A comida goiana também é uma delícia. Cada vez mais pobre, mas, ainda sim, deliciosa. Somos criativos na cozinha. Somos muito criativos. Eu amo a criatividade gastronômica da minha terra seca. Mesmo quando não tem fartura, tem algo para comer. Herança dos colonizadores, aqueles tropeiros que chegaram aqui tropeçando na própria fome. Com um toque do que restou da culinária indígena, com seus peixes de água doce enrolados nas palhas que também serviam de telhado, e assados na brasa da fogueira. Também com o toque dos dedos africanos e as suas pimentas que levantam até gente pálida. Anhanguera e seus capangas deveriam ser taurinos, sei lá. Tocaram o terror, o fogo, e fizeram uma bagunça tão grande na cozinha que a gente também teve de engolir tudo isso que eles trouxeram. A gente engole com satisfação, porque não tem coisa melhor do que arroz-de-puta-rica.
E o pequi, hein? Está chegando a época. Basta chover. O algoritmo é ótimo: foi só pousar aqui que meus amigos goianos começaram a aparecer mais nos feeds e as notícias goianas, também. Li uma notícia de que a chuva chegou em Jataí. Para a alegria dos porcos que queimaram os pastos para plantar soja.
Pois bem. Daqui a pouco chega a primavera e, tomara, as chuvas. Porém a gente, que busca informação através da ciência, que usa uma estrutura de pensamento lógico com menos riscos de criar ilusões, sabe que o Aquecimento Global Real Oficial™ vai promover temporadas de extremos: não vai ser só chuva, vai ser temporal.
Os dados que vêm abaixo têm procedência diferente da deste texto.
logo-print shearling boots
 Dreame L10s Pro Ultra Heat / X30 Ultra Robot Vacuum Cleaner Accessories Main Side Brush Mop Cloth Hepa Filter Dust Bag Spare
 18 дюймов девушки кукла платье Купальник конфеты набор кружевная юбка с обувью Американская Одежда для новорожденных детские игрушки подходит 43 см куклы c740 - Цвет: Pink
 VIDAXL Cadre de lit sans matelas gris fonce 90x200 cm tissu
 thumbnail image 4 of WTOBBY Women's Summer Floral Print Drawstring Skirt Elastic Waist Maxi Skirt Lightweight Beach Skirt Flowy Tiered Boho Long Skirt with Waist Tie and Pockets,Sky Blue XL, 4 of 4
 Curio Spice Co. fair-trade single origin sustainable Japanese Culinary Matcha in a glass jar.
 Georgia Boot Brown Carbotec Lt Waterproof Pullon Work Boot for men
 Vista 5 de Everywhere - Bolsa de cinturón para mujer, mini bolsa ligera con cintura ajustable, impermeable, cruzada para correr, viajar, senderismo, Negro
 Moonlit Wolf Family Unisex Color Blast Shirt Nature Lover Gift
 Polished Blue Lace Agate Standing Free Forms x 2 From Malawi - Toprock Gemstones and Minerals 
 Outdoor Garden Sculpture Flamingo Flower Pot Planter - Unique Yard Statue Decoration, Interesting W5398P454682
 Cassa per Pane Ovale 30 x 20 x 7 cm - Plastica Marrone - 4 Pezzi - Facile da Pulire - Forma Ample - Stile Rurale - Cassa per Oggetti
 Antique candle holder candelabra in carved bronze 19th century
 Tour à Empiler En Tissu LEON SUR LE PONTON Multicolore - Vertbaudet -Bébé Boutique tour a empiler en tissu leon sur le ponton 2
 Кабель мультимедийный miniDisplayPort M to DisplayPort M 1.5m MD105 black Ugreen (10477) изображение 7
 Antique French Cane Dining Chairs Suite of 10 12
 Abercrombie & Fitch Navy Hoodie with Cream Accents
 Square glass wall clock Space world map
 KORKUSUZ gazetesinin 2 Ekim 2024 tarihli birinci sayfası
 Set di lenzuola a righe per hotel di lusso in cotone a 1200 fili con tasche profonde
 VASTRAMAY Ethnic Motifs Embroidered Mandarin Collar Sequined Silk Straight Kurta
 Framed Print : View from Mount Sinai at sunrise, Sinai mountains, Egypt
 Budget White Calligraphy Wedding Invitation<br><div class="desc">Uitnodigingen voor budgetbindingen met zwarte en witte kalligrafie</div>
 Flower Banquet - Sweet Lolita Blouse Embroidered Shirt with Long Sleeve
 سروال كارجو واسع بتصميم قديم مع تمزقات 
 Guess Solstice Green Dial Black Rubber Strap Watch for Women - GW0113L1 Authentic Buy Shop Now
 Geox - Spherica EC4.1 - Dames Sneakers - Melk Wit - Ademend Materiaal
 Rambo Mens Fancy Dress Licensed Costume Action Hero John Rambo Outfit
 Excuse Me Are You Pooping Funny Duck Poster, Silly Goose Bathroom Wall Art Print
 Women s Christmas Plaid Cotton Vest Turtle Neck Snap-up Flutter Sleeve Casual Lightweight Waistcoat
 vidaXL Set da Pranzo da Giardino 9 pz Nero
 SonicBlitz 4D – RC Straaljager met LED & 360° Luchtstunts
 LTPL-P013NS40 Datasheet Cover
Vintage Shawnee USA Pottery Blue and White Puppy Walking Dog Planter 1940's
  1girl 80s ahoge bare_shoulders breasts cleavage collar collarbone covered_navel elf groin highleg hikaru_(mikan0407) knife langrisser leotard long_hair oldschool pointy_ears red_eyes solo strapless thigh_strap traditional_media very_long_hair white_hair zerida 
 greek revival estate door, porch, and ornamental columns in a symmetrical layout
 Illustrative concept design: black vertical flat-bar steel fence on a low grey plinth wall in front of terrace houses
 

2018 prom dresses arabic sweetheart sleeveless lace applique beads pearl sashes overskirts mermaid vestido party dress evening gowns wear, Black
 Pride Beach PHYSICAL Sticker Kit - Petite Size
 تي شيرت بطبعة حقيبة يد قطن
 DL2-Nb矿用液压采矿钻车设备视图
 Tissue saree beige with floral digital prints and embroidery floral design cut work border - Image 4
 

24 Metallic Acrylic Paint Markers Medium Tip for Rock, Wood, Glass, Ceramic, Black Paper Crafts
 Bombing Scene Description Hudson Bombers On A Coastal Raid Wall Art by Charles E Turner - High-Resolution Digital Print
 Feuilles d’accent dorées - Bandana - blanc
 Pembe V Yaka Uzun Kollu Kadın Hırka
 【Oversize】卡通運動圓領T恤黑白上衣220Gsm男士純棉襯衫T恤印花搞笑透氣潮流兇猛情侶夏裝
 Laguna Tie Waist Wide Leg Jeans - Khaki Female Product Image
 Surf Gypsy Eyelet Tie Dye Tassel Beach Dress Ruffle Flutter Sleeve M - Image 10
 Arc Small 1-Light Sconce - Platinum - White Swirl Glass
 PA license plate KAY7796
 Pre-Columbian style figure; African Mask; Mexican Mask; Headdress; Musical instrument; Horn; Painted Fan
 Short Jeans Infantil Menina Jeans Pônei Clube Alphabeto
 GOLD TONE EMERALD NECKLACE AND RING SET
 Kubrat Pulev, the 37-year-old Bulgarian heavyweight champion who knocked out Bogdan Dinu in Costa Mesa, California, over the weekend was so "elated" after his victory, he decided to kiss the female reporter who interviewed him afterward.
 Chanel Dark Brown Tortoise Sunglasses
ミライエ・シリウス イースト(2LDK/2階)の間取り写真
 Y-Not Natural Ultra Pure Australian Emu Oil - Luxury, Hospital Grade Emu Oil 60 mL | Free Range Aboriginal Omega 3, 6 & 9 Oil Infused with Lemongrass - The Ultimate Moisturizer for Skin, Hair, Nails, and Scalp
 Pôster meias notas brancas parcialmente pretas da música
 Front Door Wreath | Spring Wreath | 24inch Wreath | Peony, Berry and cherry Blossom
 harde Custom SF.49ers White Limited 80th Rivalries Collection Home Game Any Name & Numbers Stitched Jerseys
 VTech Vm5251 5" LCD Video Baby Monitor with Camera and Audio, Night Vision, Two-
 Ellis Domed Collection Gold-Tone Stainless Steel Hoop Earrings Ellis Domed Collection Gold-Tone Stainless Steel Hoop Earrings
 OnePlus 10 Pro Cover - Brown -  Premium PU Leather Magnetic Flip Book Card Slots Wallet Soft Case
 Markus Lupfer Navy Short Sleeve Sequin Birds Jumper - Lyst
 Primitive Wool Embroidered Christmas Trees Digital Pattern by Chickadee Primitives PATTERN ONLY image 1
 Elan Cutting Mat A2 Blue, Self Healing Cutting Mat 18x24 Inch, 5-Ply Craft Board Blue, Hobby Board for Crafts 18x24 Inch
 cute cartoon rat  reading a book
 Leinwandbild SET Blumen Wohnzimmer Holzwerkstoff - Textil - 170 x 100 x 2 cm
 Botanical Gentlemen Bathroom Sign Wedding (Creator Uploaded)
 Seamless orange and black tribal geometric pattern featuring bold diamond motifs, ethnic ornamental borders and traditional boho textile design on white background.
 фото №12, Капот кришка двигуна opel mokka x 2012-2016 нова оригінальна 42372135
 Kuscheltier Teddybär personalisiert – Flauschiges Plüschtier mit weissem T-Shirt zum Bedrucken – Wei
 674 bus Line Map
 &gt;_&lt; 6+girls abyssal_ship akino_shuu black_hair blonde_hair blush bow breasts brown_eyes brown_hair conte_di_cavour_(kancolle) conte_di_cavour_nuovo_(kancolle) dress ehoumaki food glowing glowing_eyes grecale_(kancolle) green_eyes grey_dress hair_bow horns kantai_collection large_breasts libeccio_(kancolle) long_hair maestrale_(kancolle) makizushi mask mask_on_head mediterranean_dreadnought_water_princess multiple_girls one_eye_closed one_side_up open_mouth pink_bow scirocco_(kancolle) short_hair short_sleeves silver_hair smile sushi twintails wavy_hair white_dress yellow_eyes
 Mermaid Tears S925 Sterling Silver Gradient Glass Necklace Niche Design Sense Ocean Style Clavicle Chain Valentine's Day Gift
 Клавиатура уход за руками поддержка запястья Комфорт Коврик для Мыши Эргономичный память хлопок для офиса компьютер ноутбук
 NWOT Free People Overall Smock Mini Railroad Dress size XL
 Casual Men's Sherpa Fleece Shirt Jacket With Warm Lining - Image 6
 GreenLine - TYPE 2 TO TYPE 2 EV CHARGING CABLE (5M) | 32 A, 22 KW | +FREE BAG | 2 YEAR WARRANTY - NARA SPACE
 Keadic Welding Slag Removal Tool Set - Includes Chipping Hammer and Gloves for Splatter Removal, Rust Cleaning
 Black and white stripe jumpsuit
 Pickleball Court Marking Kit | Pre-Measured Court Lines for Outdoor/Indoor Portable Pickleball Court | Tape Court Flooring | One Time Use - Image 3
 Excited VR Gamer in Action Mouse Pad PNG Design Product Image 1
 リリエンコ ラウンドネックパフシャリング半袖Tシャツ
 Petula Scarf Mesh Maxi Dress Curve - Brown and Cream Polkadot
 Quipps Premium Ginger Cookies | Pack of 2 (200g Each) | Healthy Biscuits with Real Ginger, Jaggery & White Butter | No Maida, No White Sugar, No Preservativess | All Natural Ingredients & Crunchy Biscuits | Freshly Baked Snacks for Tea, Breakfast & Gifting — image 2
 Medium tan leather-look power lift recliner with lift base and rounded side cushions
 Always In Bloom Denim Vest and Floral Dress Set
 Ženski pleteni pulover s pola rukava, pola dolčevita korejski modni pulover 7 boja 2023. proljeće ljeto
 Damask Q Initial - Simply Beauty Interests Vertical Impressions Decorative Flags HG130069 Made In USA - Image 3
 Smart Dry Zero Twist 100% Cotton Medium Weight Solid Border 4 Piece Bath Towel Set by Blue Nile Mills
Imagina o que vai acontecer nessa cidade cimentada da cabeça aos pés. A mesma coisa que acontece em Duque de Caxias, cidade pobre da região metropolitana do Rio de Janeiro, todos os anos. Alagamento.
Pois é, caro leitor. Daqui pra frente a coisa vai só degringolar. Então vamos cuidar da mesa. Da casa. Do corpo. Da família. Dos queridos. O resto é o resto. A gente vai até onde dá. Sem pressa, sem pressão.
Aproveito para contar uma novidade: juntei um grupo de amigas e vamos lançar em breve o corpalavra.com. Sabe como é: a gente precisa botar paixão nas coisas que a gente faz. Inclusive no trabalho. Inclusive nas relações com os nossos “quarenteeners”. Senão a vida fica sem “tempêrro”, como diz aquele chef de cozinha francês e carnavalesco.
Prometo voltar mais aqui. Quem sabe até antes da primeira colheita do pequi. Daqui a pouco é eleições, né. Boulos e Erundina contra Bolsodoria e Russominions? Com certeza estarei nessa tour.